U.S. tariffs on auto imports would compound the pain of other recent trade measures, with the impact spilling across borders, even if Canada, Mexico and South Korea are exempted from the levies, says a leading analyst at the Center for Automotive Research.
“We make things together, parts cross our borders multiple times using U.S. components and U.S. parts,” said Kristin Dziczek, vice-president at the Michigan-based think tank. “If those U.S. parts and components have imported content in them, then you will be hit by increased costs as well.”
A new study by the centre found light-duty vehicle prices would climb by an average US$2,750 for American consumers if auto tariffs were added onto existing U.S. trade measures including tariffs on steel, aluminum and various Chinese goods. Imported cars would be hit hardest, with a price hike of about US$3,700, while the cost of American-made cars would rise by US$1,900.
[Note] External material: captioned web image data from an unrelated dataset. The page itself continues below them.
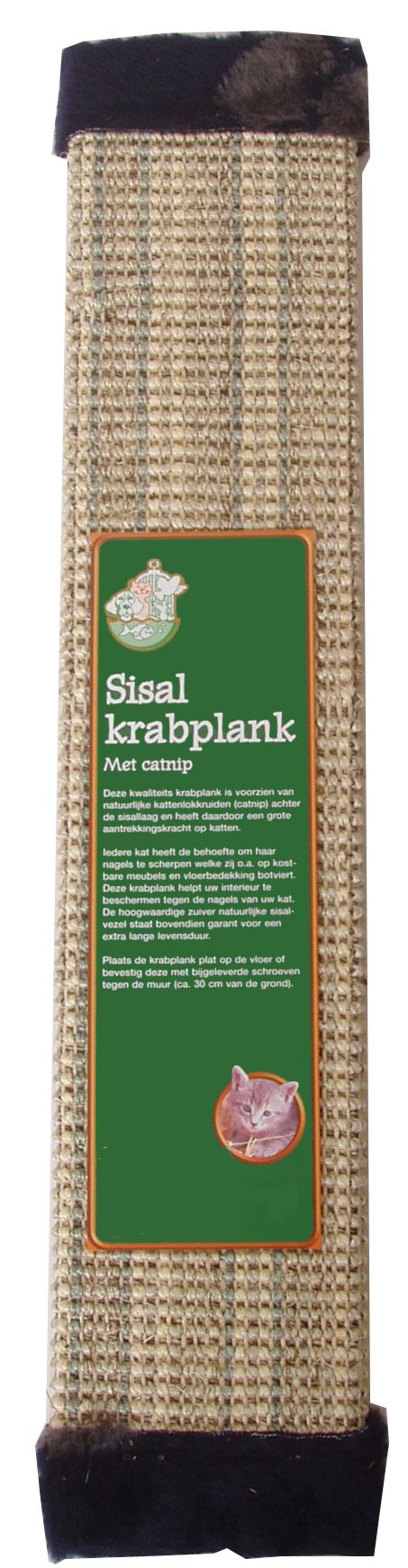 Trixie Krabplank Jabo Super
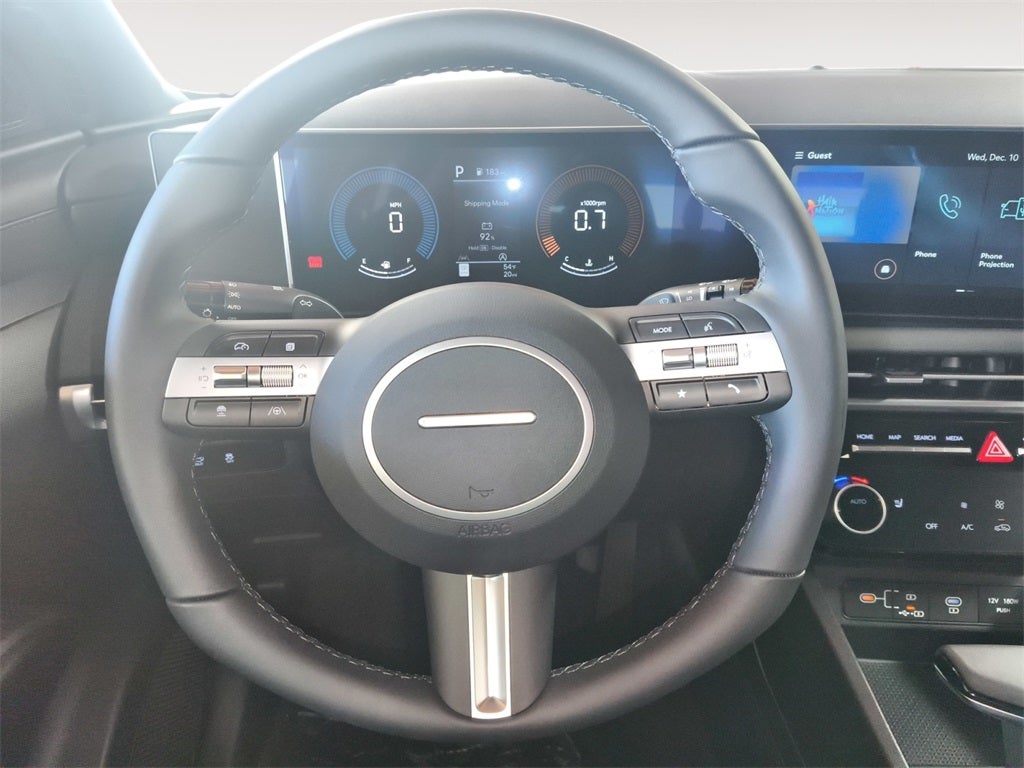 2026 Hyundai TUCSON XRT AWD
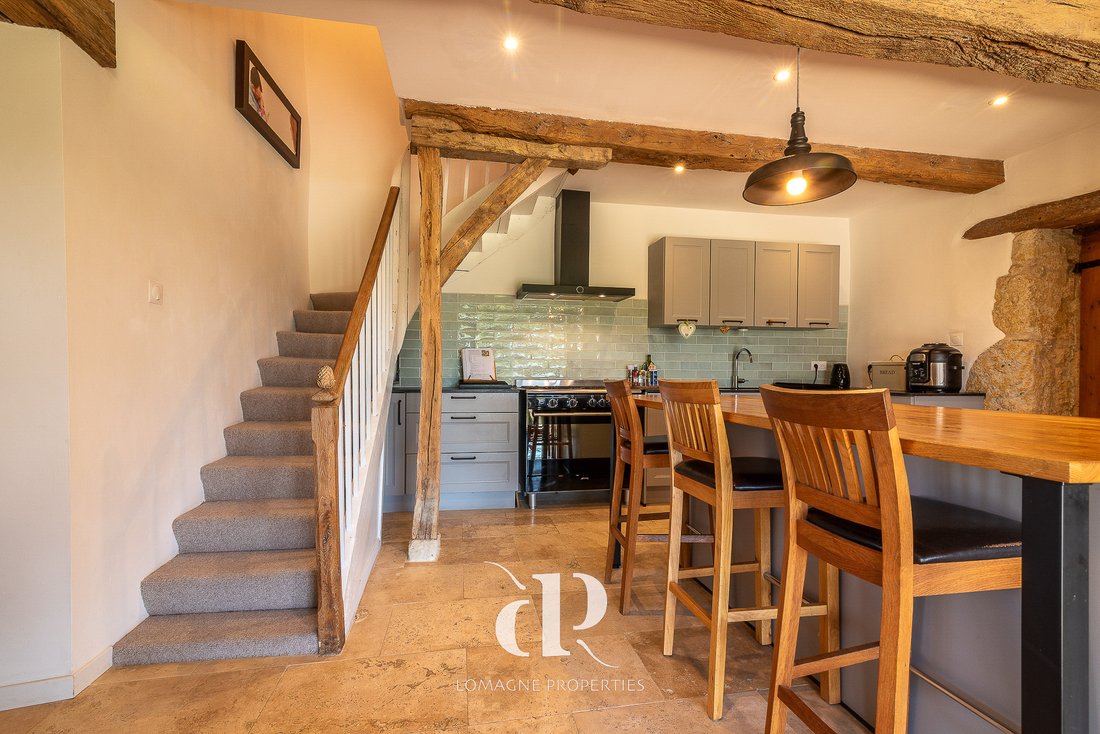 House in Lectoure, Occitania, France 3 - 18266042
The combined impact of the trade measures would cause U.S. car sales to fall and 366,900 American jobs to be lost, with the vast majority of the damage — about 90 per cent — caused by the auto tariffs.
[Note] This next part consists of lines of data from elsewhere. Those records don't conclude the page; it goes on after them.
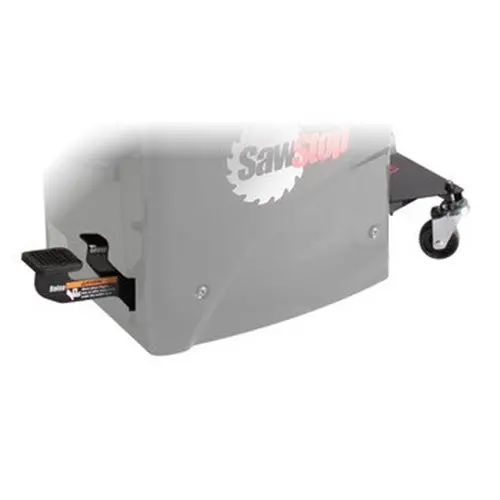 Sawstop Professional Mobile Base For Cabinet Table Saws 1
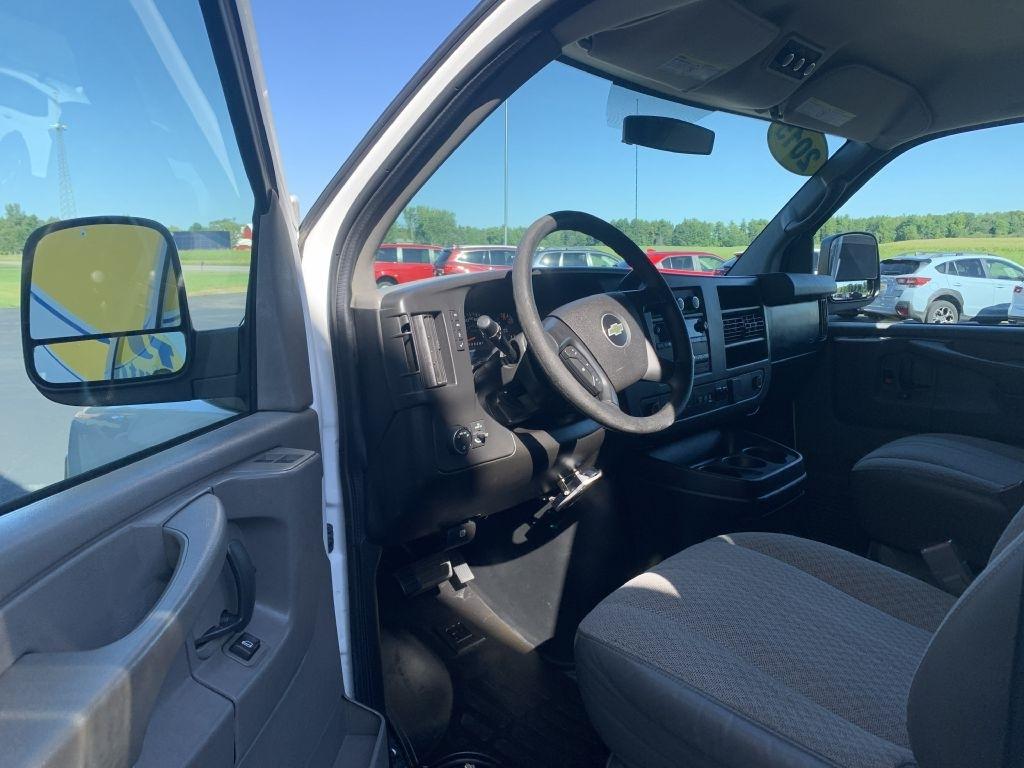 Chevrolet Express LT 3500 Extended 2015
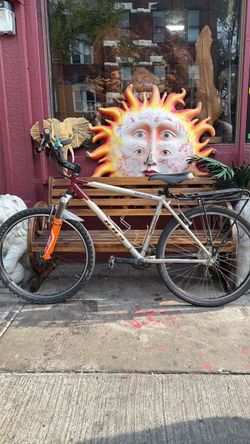 MENS BIKE
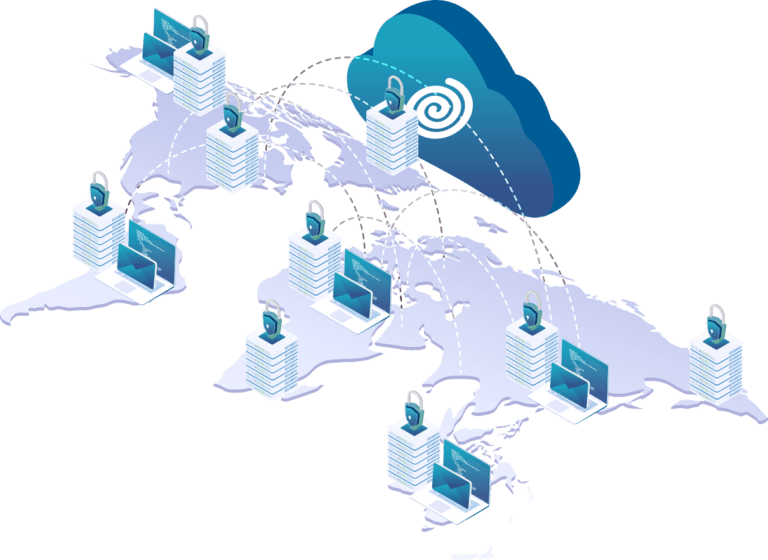 how does cloud based faxing work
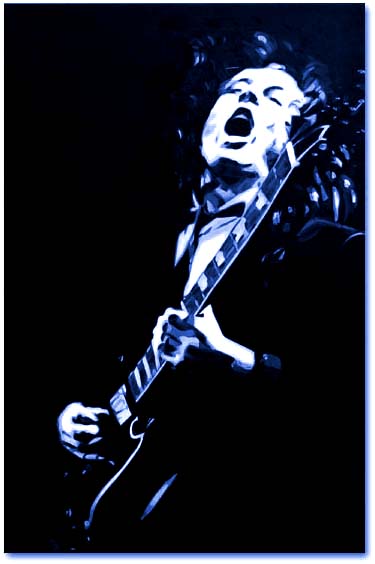 Angus young - 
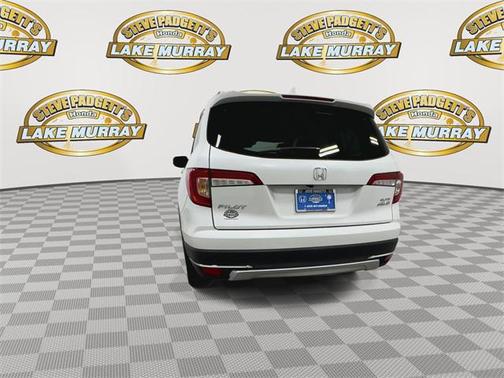 2022 Honda Pilot AWD Elite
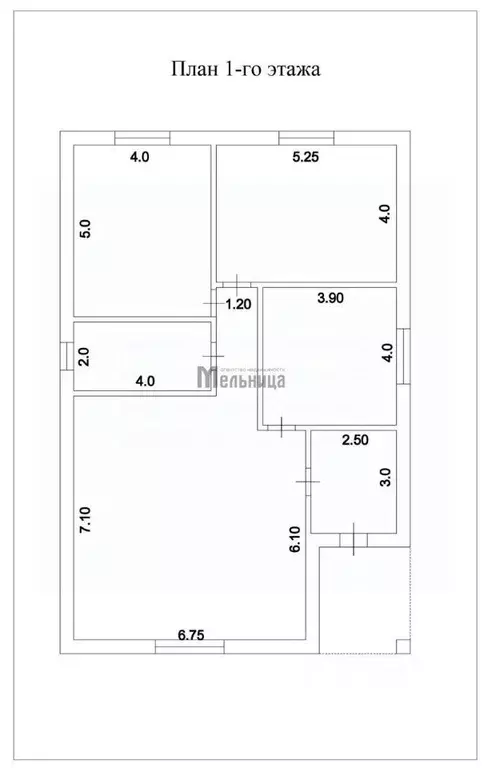 Дом в Волгоградская область, Краснослободск Среднеахтубинский район, ... - Фото 2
“If we think the tariffs on steel and aluminum were bad, this would be way bigger,” said Dziczek. “Even if the side letters (exempting) Canada, Mexico and South Korea hold, we still find enormous economic harm from the (Section) 232 auto tariffs.”
Though the specific impact on Canada is not measured, the cost hikes in the U.S. would inevitably spill over the border to some degree, Dziczek added.
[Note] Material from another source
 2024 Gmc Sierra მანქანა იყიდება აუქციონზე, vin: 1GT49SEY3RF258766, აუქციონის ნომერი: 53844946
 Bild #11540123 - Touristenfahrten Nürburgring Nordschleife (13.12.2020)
“On imported vehicles you won’t face higher costs obviously,” she said. “That’ll just be in the U.S. But to the extent American-made cars rely on imported parts, they will be more costly and that will raise their costs in Canada, too.”
The U.S. Department of Commerce is expected to deliver a report by Feb. 17 on whether imports of autos pose a threat to national security. Once the report is delivered, Trump will have 90 days to act on its recommendations, though those may be kept confidential, analysts say. Trump has floated the idea of potential tariffs of 25 per cent on imported autos and 10 per cent on parts.
Costs for Canadian consumers would also rise, analysts say.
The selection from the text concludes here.